More precisely, the average weight of M7 (Fig. 8) was 0.7210 (CCA), 0.1176 (gene expression), 0.1113 (copy number) and 0.2305 (DNA methylation). We noted that the average weight of ICan was the highest, achieving more than three times the weight of the single-level networks. For instance, CTNNB1 and RPA2 were not only co-altered at the level of the copy number, but also at the level of DNA methylation. With respect to a single data type, we uncovered fine correlations between genes. Recent research has also shown that alterations in the genome region of CTNNB1 and RPA2 were closely related to the occurrence of ovarian cancer[44, 45]. The M7 module involved 20 genes (NIPSNAP1, ACTN4, ACTB, PIPOX, ACTG2, ACADVL, KRT8, LMNA, KRT1, KRT18, HSPA9, HSPD1, SET, HSPA5, XRCC5, CTNNB1, GBAS, C1QBP, CDH1 and ANP32B) that were significantly enriched to GO terms, including regulation of programmed cell death (2.2E-4), negative regulation of apoptosis (6.5E-4) and adherens junction (6.7E-4) (S9 Table). Among these, CTNNB1, CDH1, XRCC5 are important ovarian cancer genes. They are mainly involved in tissue invasion, metastasis and proliferation of cancer.

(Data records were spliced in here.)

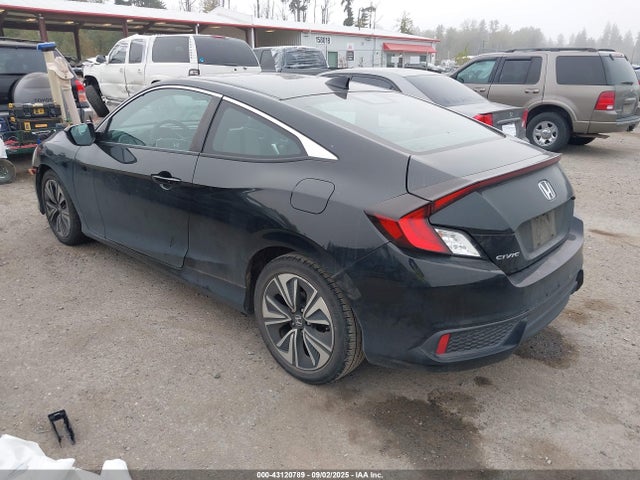 Honda l15b7 2016 2HGFC3B38GH353636 Image 3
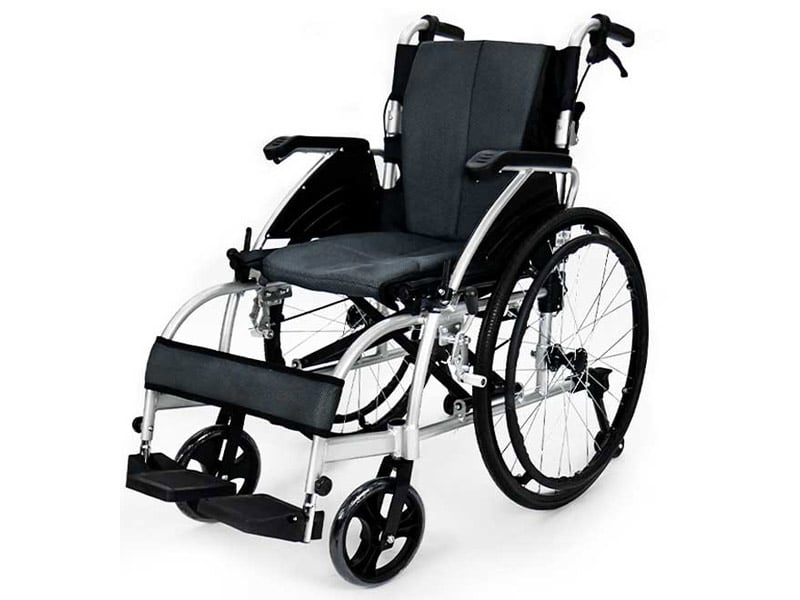ยี่ห้อ 1. ALLWELL Wheelchair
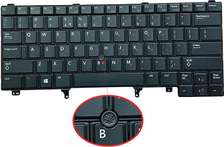 Laptop Keyboard For Dell Latitude E6420 E6430 E6440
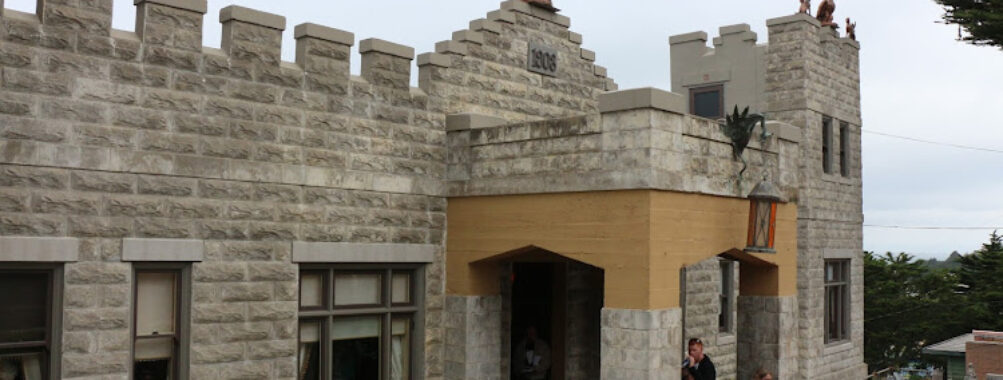 Sam's Castle Travel Forum Reviews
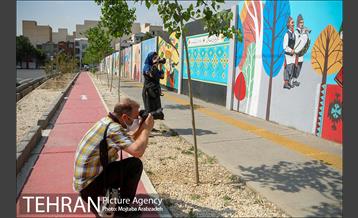 تور عکاسی منطقه 9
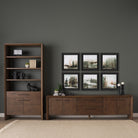 Belford 94" Media Console-2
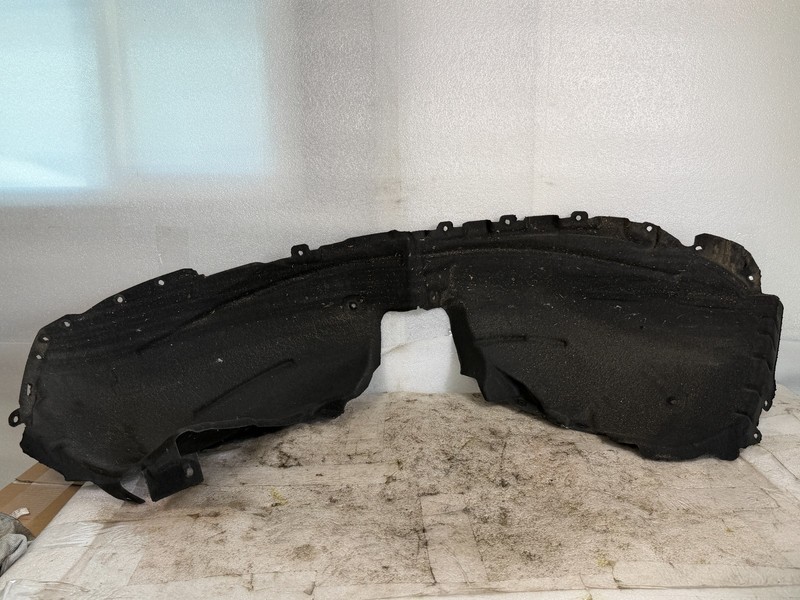 2021-2024 FORD BRONCO SPORT FRONT LEFT SIDE FENDER LINER SPLASH SHIELD OEM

To compensate for the limitations of former studies, we developed ICan, an integrative method to unearth the cancer related genes. ICan integrates copy number, gene expression and DNA methylation data. This study not only measured differences among genes by a single feature, but also uncovered some critical oncogenes and tumor suppressor genes, such as CCNE1, MYCL1, PIK3R1, FGF2 and other genes (see S4 Table). More importantly, we identified cancer-related genes in human ovarian cancer using the genes' co-alteration characteristics. The co-alteration network built through CCA not only minimized the limitation of a single data type, but also highlighted correlations between simultaneously altered genes, revealing more comprehensive information of disease states. Therefore, ICan improved the accuracy of driver gene prediction.
Compared with previous methods[8, 9], the major improvement in ICan is the integration of a larger panel of driving alterations, including both genetic and epigenetic, such as somatic copy number alteration (SCNA) and methylation. Thus, ICan is valuable for finding closely related patterns between genes in the data sets by three features. By comparison, previous methods studied the correlation between the expression of a single gene and its copy number.
In comparison with the existing method CNAmet, our co-alteration network based on CCA is more effective in the performance of gene-pair scoring. In addition, we also compared ICan with three single networks, In predicting cancer altered genes, the results showed that ICan had a higher accuracy rate (0.8179(ICan), 0.7756(GCM), 0.7779(GCE), 0.7621(GCC)). The network set up linear relationships between genes and the three features, and the weighted random walk algorithm brought in prior cancer gene information. This enabled the evaluation of correlations between nodes and known cancer-related genes. We also compared our network with single-level networks (a co-expression network, a co-CNA network and a co-methylation network). We concluded that multi-layered data integration could systematically enhance our understanding of gene action, and the recognized modules were identified with greater significance. As an example, module M21 (Fig. 8, S4 Table) contained common cancer-related genes such as BRCA2, ATM, MDM2, MSH5, MSH4, RAD51, CDK4, and AKT1, among which BRCA2, ATM and AKT1 directly interact with BRCA1. These genes are all involved in apoptosis.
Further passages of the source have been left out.